The majority of the respondents believe that the optimum number of years in which an audit firm performs an audit service to its clients is from one to five years. Few of them think that there is on optimum year/s of audit service in which an audit firm spent its time with its clients. The majority of the respondents/ audit firms are in agreement that it is difficult to put a cutoff date/year for long association between the audit firm and client despite some laws concerning NGOs and governmental organizations. They also added that the term cutoff date for long association by itself is subjective and ambiguous that one cannot specify accurately. To sum up, the findings of this study reveals that though most of the sampled audit firms which are working in Addis Ababa are rendering non-audit services to their clients, the proportion of nonaudit service fees from the total income becomes insignificant. Therefore, it can be inferred that the provision of incompatible services to clients may not impair audit firms independence. On the other hand, with respect to long association of audit firms with their clients, the major finding of this study was most of the audit firms (55.56%) have been auditing their clients for more than three uninterrupted years. From this finding, it can be concluded that extended audit tenure between audit firms and their clients may have a negative effect on their professional independence. This research project tried to identify some ethical problems in relation to independence of audit firms which are working in Addis Ababa with respect to compatibility and non-compatibility of services and audit tenure. It has tried to cover the gap with regard to the above components of independence. However, audit firms independence will be impaired by other factors which are beyond the scope of this paper. Hence, the potential researchers can conduct their study on the remaining factors which affects independence of audit firms. Moreover, this research paper has identified some ethical problems of audit firms from the view point of selected private audit firms in Addis Ababa. It will contribute a lot when other prospective researchers accomplish their studies from the audit clients perspective in Addis Ababa or outside.

4.2. Recommendations
The following possible recommendations can be used to help audit firms keep their professional independence in relation to the compatibility of services and audit tenure which they have with their clients.

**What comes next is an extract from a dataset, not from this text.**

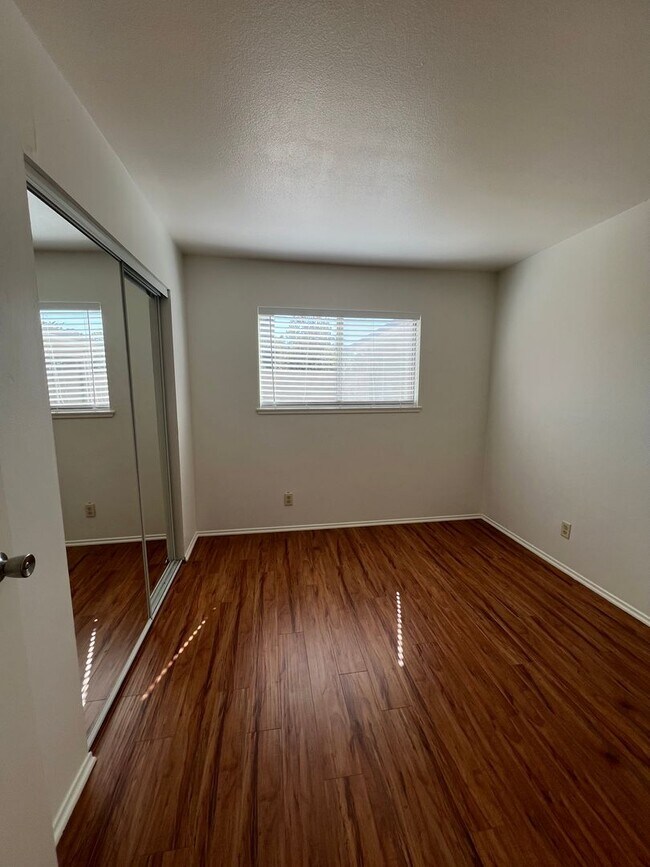 Building Photo - 963 Talbert Ave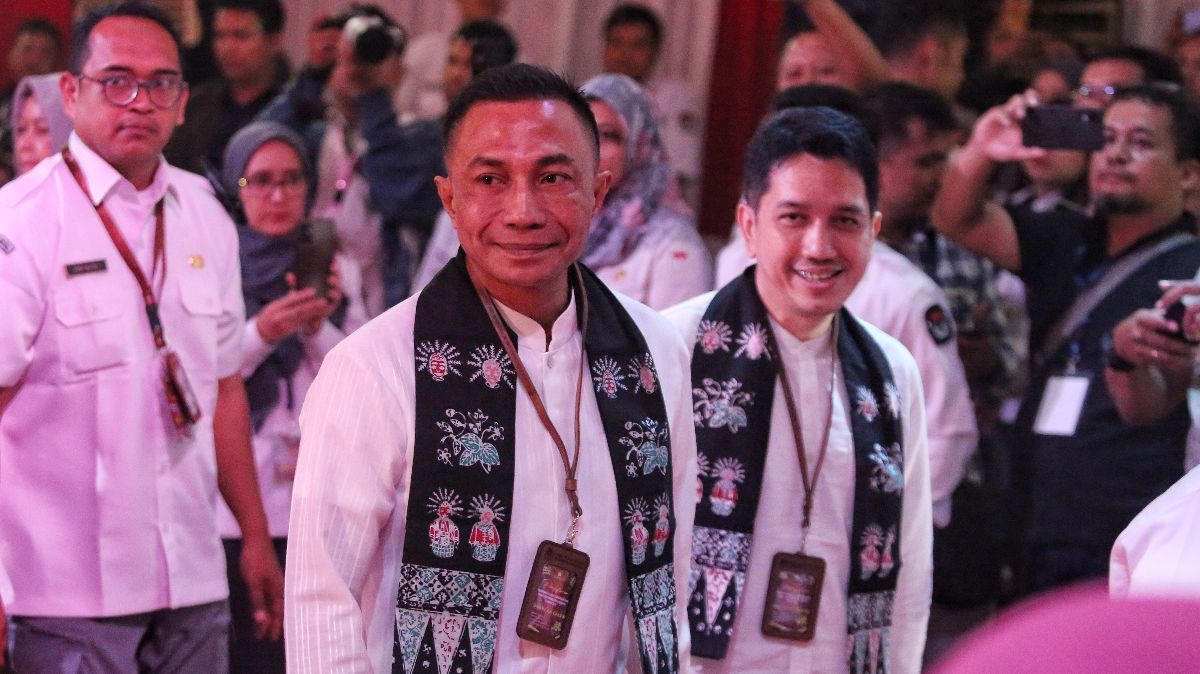 FOTO: Senyum Dharma Pongrekun-Kun Wardana Daftar Pilkada Jakarta Tanpa Kekuatan Politik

Authorized audit firms and accountants have an important role in society. Investors, creditors, employers and other sectors of the business community, as well as the government and the public at large rely on professional accountants for sound financial accounting and reporting, effective financial management and competent advice on a variety of business and taxation matters. Therefore, audit firms should discharge their professional responsibilities and accept the obligation to act in a way that will serve the public interest, honor the public trust, and demonstrate commitment to professionalism.
When the number of staff members of the selected audit firms was reviewed, most of them

had a shortage of certified and experienced auditors who carry out audit services to their clients. Hence, it is appropriate to employ additional auditors who are certified with ACCA
(Association of Chartered Certified Accountant) to effectively conduct audit services.

With respect to incompatible services provided by the audit firms, most of them are rendering to their clients. However, in determining the appropriateness of a particular service, one guiding principle, which I support, should be whether the service facilitates the performance of the audit, improves the clients financial reporting process, or is otherwise in the public interest.

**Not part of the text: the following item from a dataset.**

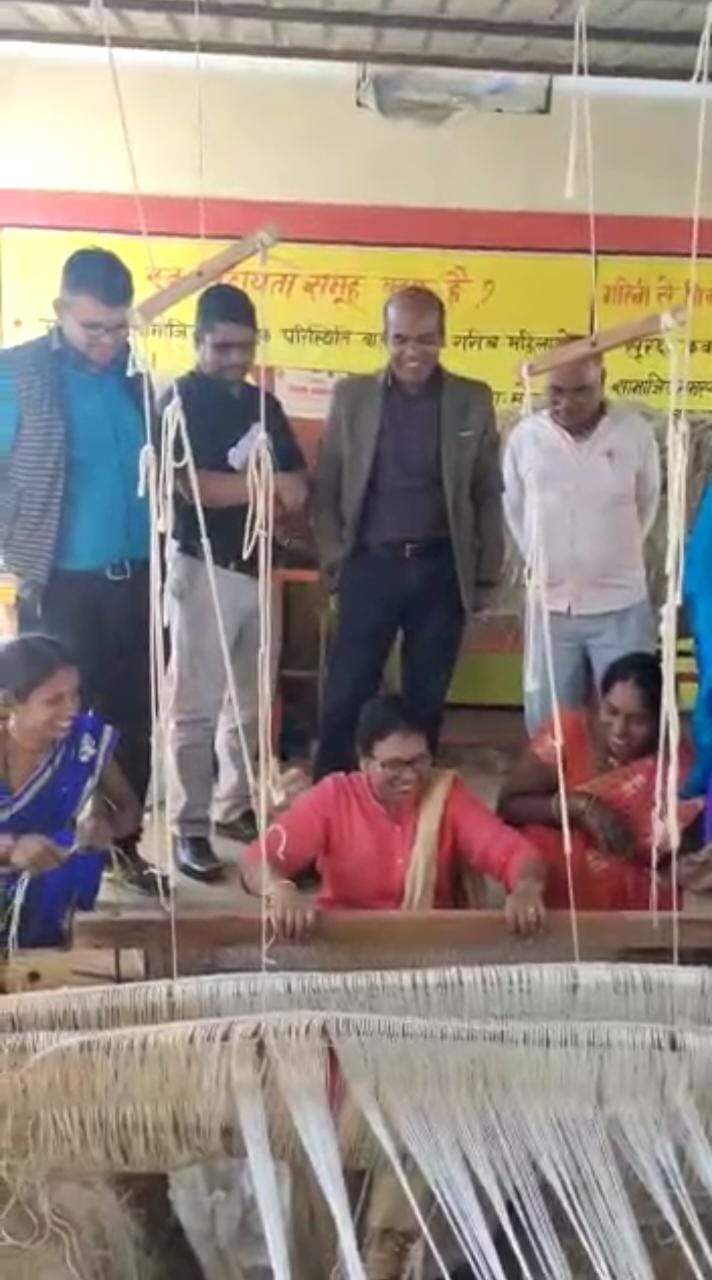 जिपं सीईओ ने किया राखी गौठान का मुआयना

Audit firms should give an opinion based on the findings during an examination of financial statements not based on the wish of their clients since they have professional responsibility to present what has been found. The Office of Federal Auditor General (OFAG) should establish regulation which limits years of association of audit firms with their clients especially for private organizations like the one which dictate non-governmental and governmental organizations to be audited only up to three uninterrupted years.